Wells Fargo Accused of Sacrificial Firings After Fine

TRENTON, N.J. (CN) – Fired in the wake of Wells Fargo’s mortgage-kickback scandal, nine former staffers claim in court that the supervisors who instructed the illegal activity kept their jobs. 

The lawsuit in Mercer County Superior Court comes just over two years after Wells Fargo paid $35.7 million to settle charges by the Consumer Financial Protection Bureau.

Regulators said that Wells Fargo’s loan officers were accepting cash and other kickbacks in exchange for referrals from General Title, a realty title insurance company that shuttered in 2014.

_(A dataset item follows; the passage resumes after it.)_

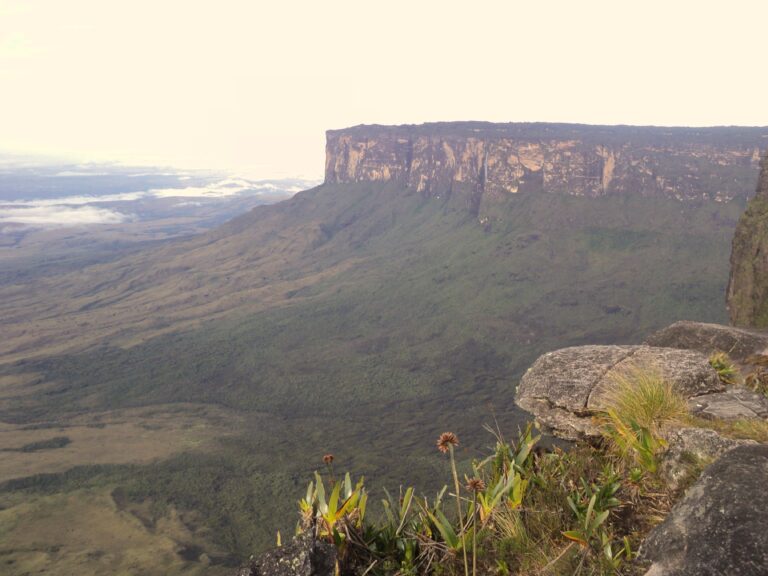 Ausblick auf Tafelberg und die umliegende Landschaft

Led by Egg Harbor resident Jeffrey Bellak, nine former Wells Fargo home-mortgage consultants from that era say the kickback practices were standard operating procedure, and that Wells Fargo switched to a new title company in 2013.

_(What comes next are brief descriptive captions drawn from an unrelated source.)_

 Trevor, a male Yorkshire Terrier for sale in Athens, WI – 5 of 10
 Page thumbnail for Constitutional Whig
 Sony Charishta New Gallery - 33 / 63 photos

“Having paid an enormous fine for its illicit ‘leads’ arrangement with Genuine Title, and having pledged as part of the settlement to desist, Wells simply discontinued its relations with Genuine and substituted Patriot Land Title,” the March 6 complaint states.

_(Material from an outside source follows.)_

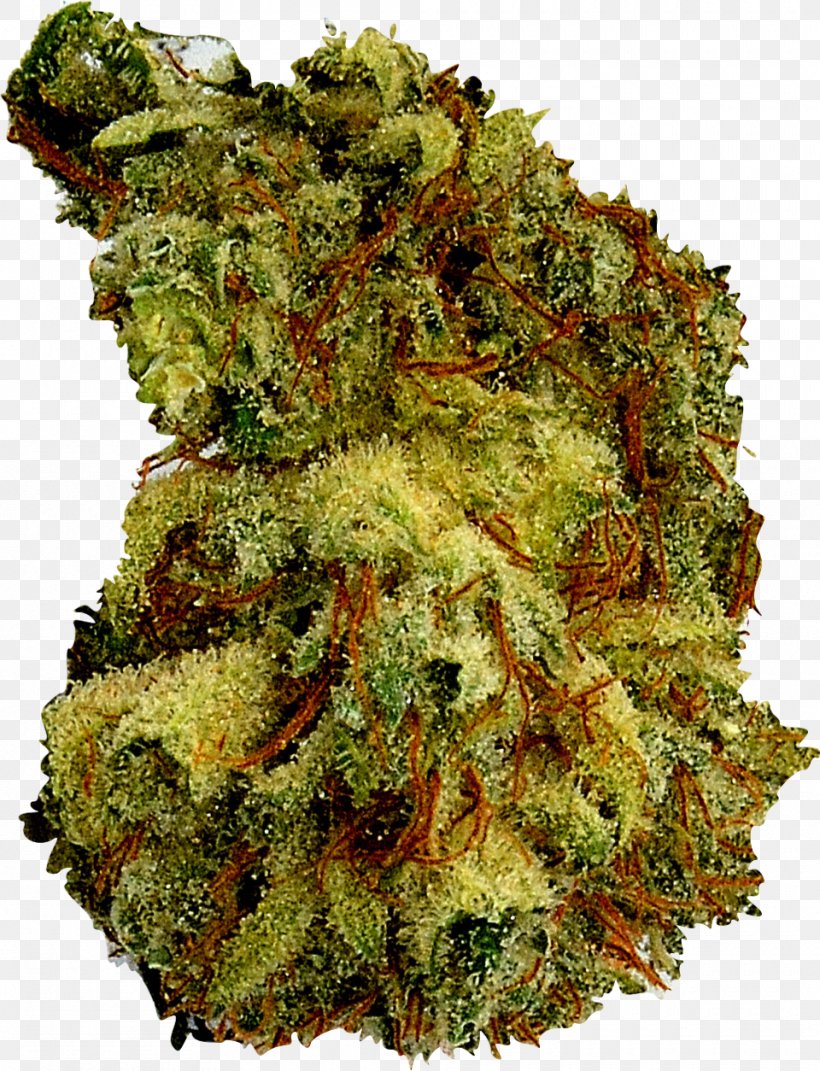 Cannabis Leaf Vegetable Hemp, PNG, 960x1254px, Cannabis, Hemp, Hemp Family, Leaf Vegetable Download Free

Bellak and the other fired officers say Wells Fargo chose them randomly as sacrificial lambs a few months after settling with the CFPB.

“In order to create for the CFPB the false appearance of having pursued a true internal investigation, resulting in the removal of all personnel responsible for the prior violations, [Wells Fargo] arbitrarily selected the plaintiffs for termination,” the lawsuit states.